SPOX: Sie kamen dann aber nicht mehr in den Genuss, Balakow, Bobic und Giovane Elber zu trainieren, weil Ihre Zeit in Stuttgart zu Ende ging. Warum?

Röber: Im Endeffekt haben mir meine Probleme mit Gerhard Mayer-Vorfelder das Genick gebrochen. Ich habe mich von Anfang an nicht davor gescheut, MV die Meinung zu sagen. Nach dem Sieg in München wurde ich ins Ministerium zitiert. MV wollte unbedingt, dass wir zusammen feiern, wenn wir gewinnen. Aber ich habe ihm gesagt, dass ich das selbst entscheide. Und wenn mein bester Freund da ist, den ich sonst kaum sehe, dann will ich mit ihm essen gehen.
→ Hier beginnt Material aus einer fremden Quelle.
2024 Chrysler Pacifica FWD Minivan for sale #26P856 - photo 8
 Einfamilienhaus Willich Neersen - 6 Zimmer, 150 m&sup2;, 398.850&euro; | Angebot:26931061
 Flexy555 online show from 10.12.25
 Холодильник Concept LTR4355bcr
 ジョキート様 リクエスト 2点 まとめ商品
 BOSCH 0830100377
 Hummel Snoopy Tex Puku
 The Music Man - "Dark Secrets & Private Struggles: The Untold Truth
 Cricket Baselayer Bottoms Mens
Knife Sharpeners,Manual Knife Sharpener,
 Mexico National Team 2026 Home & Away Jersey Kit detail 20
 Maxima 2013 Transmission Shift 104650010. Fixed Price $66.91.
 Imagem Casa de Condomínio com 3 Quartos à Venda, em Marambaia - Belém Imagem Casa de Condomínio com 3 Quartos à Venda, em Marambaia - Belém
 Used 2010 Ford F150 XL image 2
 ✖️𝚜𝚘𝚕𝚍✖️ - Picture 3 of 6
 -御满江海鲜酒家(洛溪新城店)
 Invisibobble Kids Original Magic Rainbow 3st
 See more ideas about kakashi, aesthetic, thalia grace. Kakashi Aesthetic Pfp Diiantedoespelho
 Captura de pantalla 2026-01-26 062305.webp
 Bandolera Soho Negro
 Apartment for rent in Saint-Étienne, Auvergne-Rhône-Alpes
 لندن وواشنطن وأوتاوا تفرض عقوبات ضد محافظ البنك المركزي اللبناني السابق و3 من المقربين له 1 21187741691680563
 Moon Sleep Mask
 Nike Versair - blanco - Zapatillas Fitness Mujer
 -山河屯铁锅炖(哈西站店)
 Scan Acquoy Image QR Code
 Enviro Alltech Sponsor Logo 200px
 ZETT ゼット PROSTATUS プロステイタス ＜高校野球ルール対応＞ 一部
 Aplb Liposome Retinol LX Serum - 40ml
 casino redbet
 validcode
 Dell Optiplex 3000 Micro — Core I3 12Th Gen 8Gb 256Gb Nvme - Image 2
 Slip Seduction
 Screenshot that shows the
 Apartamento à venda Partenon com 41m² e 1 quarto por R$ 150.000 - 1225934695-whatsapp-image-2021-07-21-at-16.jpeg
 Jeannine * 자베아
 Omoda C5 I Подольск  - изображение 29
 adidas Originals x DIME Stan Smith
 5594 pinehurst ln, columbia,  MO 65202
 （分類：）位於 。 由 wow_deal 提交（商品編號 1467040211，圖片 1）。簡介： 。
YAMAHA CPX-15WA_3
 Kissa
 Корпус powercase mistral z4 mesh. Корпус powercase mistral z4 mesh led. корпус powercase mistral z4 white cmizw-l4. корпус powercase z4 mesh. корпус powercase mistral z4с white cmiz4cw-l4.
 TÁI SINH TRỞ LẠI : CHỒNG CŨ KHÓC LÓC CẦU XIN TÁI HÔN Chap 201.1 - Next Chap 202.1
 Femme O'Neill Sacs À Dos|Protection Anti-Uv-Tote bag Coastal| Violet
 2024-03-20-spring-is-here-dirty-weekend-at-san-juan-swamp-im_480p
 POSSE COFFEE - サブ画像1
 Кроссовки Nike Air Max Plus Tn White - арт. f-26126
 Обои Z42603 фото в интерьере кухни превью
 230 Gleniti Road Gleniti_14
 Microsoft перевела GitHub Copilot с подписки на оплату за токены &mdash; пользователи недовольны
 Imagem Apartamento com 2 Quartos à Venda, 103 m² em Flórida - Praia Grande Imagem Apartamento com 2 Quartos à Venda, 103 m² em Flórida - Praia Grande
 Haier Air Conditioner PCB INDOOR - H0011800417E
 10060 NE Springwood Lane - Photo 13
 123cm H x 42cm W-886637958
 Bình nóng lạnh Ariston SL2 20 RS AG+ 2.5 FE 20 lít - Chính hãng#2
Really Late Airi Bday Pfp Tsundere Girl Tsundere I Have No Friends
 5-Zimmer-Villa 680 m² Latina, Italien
So hatten wir sofort etwas Stress und später hat er mich dann rausgekickt. Wer kam nochmal danach?

Röber über seine Zeit mit Carlos Dunga

SPOX: Übergangsweise Jürgen Sundermann und dann Rolf Fringer.

Röber: Es hat mich schon geärgert damals, dass ich mit der Truppe, die ich zusammengestellt hatte, dann nicht mehr zusammenarbeiten konnte.

SPOX: Dennoch haben Sie in Stuttgart mit großen Stars zusammengearbeitet. Carlos Dunga fällt einem sofort ein.

Röber: Die Zeit mit Carlos werde ich nie vergessen. Ich weiß noch, wie wir im Trainingslager waren und Carlos wirklich immer hinterhergelaufen ist. Ich war ja ein Fitness-Freak und habe ihm gesagt: "Carlos, wenn du weiter hinterherläufst, dann spielst du nicht. Es ist mir völlig egal, ob du wieder in die Selecao willst, so spielst du nicht." Ich habe ihn gequält, er hat eine überragende Rückrunde gespielt und dann Brasilien in den USA als Kapitän zum WM-Titel geführt. Als er nach seiner VfB-Zeit in Japan spielte, rief er mich an: "Trainer, ich laufe immer noch." Solche Erlebnisse sind die schönsten.